» Data in this exercise

• • • •

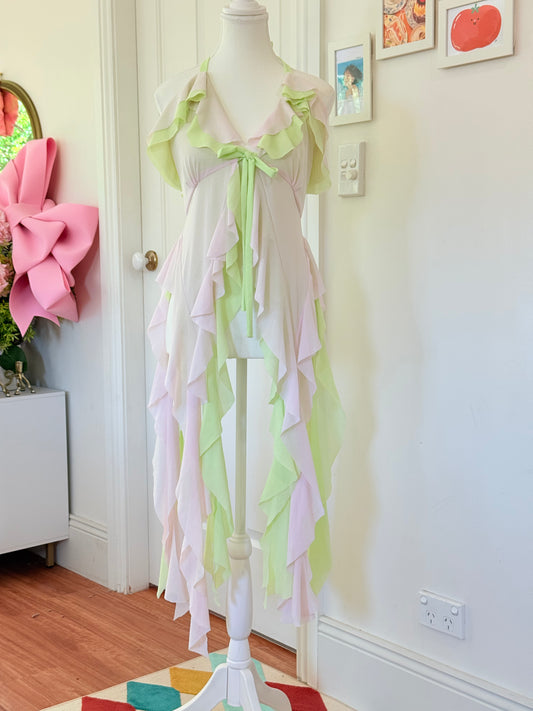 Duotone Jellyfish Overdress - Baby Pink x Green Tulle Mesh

• • • •

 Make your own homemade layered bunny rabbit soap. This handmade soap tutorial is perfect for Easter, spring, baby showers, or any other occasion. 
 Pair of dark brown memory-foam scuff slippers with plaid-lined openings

• • • •

» Exercise instructions
From the material above, retype precisely the lines between the line holding "Make your own" and the line holding "Pair of dark", inclusive, and nothing beyond them.

» Expected answer
 Make your own homemade layered bunny rabbit soap. This handmade soap tutorial is perfect for Easter, spring, baby showers, or any other occasion. 
 Pair of dark brown memory-foam scuff slippers with plaid-lined openings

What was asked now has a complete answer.